**WORK REQUEST:** The answer must consist solely of the lines from the line with "Dress - Picture 1 of 3" to the final line of the data below, reproduced exactly, pictures omitted.

**DATA SECTION:**
▽

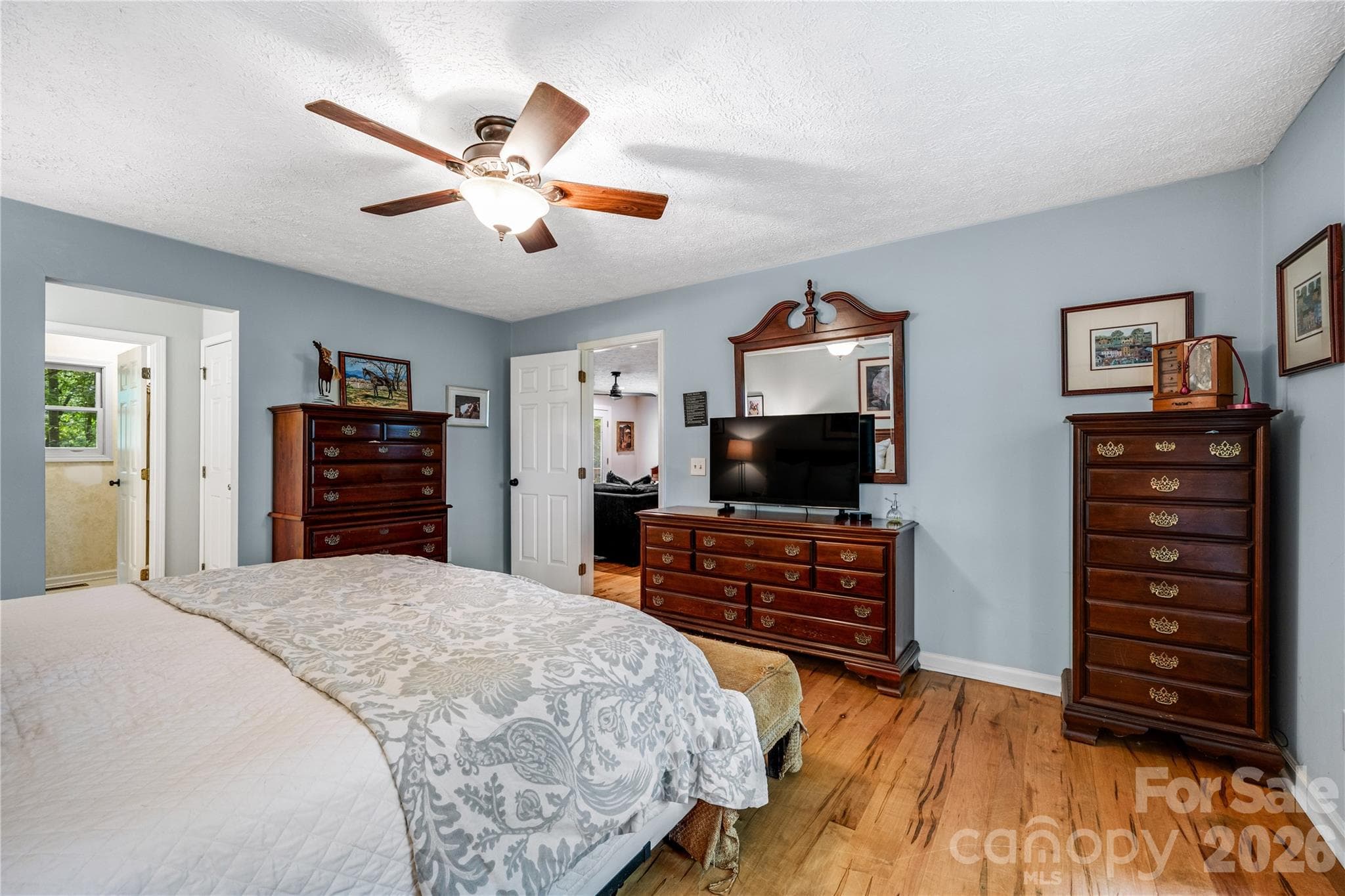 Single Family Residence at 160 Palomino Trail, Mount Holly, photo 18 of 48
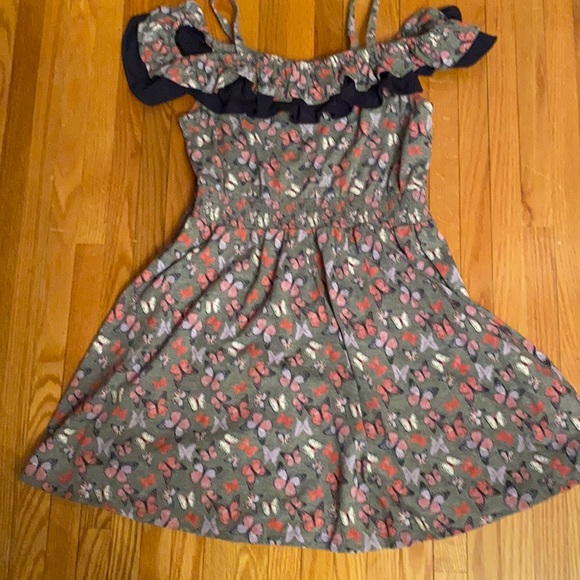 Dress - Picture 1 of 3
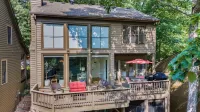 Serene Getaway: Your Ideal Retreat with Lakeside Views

△

**EXERCISE RESULT:**
 Dress - Picture 1 of 3
 Serene Getaway: Your Ideal Retreat with Lakeside Views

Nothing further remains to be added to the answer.